Plant-based protein is tied to a number of positives for both people and the planet.
As Unilever Food Solutions (UFS) points out, “swapping meat for plants reduces saturated fat, and increases the fiber and vitamin content of dishes. Studies show that this leads to reduced risks for diabetes, cancer, and heart disease.”
The environmental benefits are there as well. Plants require fewer environmental resources like space and water which UFS also shares can offset climate change.
Even further, plant-based meat is a food source that vegetarians and animal lovers can feel good about eating.
And plant-based meats have proven to have even more benefits throughout the span of the pandemic.
When the first few weeks of COVID-19 lockdowns began, popcorn, pretzels, and pastries topped grocery store purchases. As the lockdowns persist and COVID-19 continues, there’s a new leader topping the list- plant-based meat.

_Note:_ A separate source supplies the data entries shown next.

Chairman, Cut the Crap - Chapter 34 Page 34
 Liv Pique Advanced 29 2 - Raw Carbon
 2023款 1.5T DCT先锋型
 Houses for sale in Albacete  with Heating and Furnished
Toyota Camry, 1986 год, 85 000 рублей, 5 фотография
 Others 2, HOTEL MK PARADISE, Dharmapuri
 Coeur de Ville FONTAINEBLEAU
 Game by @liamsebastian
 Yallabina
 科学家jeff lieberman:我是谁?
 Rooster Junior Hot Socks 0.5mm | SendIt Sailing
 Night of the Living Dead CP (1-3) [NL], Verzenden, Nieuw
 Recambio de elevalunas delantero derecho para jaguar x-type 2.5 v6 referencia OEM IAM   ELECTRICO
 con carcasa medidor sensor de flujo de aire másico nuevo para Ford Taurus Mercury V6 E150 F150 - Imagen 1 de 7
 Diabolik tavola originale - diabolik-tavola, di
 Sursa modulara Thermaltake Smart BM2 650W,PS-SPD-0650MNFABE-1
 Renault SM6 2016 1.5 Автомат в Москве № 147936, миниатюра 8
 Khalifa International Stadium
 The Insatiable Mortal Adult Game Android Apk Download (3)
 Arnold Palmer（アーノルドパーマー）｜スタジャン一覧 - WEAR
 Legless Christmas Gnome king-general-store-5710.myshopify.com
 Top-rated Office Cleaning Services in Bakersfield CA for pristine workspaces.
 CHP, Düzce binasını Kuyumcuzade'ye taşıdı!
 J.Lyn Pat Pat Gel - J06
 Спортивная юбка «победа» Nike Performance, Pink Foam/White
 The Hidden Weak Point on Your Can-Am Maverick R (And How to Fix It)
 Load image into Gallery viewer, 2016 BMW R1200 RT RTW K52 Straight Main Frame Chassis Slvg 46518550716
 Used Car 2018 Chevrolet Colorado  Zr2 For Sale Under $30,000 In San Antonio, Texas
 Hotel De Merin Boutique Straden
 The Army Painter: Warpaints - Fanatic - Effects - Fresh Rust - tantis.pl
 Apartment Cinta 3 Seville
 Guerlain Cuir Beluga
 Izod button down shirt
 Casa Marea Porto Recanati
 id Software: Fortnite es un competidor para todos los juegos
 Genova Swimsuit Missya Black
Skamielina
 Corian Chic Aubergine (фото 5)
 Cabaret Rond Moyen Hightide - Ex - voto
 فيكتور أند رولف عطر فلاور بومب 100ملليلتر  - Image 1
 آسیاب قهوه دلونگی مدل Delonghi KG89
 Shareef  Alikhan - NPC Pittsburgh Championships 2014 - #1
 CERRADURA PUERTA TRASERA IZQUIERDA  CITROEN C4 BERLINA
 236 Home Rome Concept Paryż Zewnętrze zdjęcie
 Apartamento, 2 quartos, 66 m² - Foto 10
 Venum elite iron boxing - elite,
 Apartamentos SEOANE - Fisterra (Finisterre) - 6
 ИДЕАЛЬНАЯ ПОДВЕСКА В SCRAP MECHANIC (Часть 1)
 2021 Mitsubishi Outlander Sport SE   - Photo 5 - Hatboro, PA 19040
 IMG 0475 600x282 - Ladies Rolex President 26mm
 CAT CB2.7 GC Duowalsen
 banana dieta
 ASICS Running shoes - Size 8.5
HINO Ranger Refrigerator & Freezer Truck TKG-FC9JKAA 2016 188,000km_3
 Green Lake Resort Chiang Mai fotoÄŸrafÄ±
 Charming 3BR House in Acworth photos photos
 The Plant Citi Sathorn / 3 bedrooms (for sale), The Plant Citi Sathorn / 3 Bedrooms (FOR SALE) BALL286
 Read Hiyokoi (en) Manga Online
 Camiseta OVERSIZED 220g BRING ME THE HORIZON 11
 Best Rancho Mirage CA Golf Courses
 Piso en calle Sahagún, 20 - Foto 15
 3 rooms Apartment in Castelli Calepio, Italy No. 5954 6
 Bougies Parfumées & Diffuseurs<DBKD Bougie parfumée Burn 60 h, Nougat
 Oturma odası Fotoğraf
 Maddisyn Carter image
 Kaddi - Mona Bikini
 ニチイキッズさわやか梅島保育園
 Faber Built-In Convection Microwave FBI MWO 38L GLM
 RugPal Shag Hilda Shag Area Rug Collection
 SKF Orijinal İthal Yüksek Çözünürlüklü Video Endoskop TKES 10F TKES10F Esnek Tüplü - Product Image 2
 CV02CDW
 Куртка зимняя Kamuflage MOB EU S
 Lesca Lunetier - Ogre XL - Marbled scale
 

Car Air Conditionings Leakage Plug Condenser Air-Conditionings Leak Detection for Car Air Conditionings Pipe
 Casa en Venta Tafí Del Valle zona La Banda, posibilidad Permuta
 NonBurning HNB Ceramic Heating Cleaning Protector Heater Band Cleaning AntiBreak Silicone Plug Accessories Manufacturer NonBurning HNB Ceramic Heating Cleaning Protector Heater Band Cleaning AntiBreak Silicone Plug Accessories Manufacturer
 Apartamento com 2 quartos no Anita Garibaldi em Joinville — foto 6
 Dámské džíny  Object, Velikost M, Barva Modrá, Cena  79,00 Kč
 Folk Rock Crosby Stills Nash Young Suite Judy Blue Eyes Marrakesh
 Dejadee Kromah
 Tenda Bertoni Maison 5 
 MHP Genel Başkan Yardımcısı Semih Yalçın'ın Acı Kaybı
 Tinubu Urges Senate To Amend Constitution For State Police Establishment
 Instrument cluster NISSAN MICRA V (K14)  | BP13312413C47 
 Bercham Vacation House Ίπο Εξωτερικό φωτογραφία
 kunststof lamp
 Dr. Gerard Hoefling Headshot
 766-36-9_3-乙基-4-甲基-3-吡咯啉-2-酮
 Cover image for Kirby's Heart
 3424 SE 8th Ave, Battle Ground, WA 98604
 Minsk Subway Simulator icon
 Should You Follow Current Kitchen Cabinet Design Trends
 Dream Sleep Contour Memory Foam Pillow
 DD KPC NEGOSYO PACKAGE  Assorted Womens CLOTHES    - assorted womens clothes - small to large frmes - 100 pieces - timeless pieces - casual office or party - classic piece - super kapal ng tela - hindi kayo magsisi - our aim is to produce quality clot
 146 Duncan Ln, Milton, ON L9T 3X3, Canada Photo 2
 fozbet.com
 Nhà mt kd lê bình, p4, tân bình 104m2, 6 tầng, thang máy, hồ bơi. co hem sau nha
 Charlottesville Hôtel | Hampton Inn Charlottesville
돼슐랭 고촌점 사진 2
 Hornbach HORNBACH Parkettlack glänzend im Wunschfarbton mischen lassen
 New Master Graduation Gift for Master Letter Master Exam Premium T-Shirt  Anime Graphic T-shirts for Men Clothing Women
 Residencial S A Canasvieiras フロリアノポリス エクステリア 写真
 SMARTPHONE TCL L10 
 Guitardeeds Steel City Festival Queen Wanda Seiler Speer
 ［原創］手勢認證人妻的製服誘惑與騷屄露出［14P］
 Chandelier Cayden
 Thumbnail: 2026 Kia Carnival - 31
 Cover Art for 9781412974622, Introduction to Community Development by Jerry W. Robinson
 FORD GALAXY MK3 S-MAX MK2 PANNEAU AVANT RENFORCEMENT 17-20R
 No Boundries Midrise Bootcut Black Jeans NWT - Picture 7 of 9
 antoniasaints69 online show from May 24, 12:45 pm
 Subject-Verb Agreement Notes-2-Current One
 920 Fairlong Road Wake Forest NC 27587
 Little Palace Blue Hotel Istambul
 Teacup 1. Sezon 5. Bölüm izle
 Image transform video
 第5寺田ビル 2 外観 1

Plant-based meat has already been gaining traction in recent years. In fact, according to the Good Food Institute (GFI) and the Plant-Based Foods Association, plant-based food and beverage sales were about $5 billion in 2019.
“Meatless meat” sales were already on an upswing, and it’s apparent that the pandemic has accelerated them. Now, the GFI and the Plant-Based Foods Association expect plant-based food and beverage sales to have double-digit growth through 2020.
The demand for “meatless meat” exploded starting in March, during which sales of fresh meat alternatives surged 206% in the first week of March alone, rising to 279% the week ending on March 14, reports Nielsen. And that was just at the beginning of the pandemic.
In the 13 weeks ending May 30, sales of fresh meat alternatives were officially up 239.8% compared to last year, according to Nielsen statistics.
What’s the cause of this sudden rise in sales? Well, if there’s anything that could quickly shift public opinion, it’s a pandemic. And, a point that both plant-based meat companies and animal rights activists have emphasized, is that coronavirus originated from animals.
But that isn’t the only aspect that’s driving the sales of plant-based meat. U.S. News reported that “roughly half a million people work in the nation’s meat processing industry, and crowded and unsanitary conditions have prompted concerns about worker safety during the coronavirus pandemic.”
And by April 27th, 4,913 meat and poultry plant workers in 115 plants in 19 states had been diagnosed with COVID-19, the disease caused by the coronavirus, and 20 people had died, according to the report from the Centers for Disease Control and Prevention.
This has resulted in temporarily idling several processing plants. And, as reported in Food Dive, “even though most plants are running at some capacity, producers still need to euthanize animals that would have been slaughtered for food because there is no space for them on farms or in plants running at lower output rates.”
Josh Balk, Vice President of Farm Animal Protection for the Humane Society, told Bloomberg that “Covid is shining a light for consumers to start evaluating their own choices and whether or not they want to continue to buy meat.” And he’s right.
The numbers are already on plant-based meat companies’ side. Kearney’s study showed that 83% of consumers took sustainability into consideration when making purchases in April. And that number is only increasing as the pandemic continues.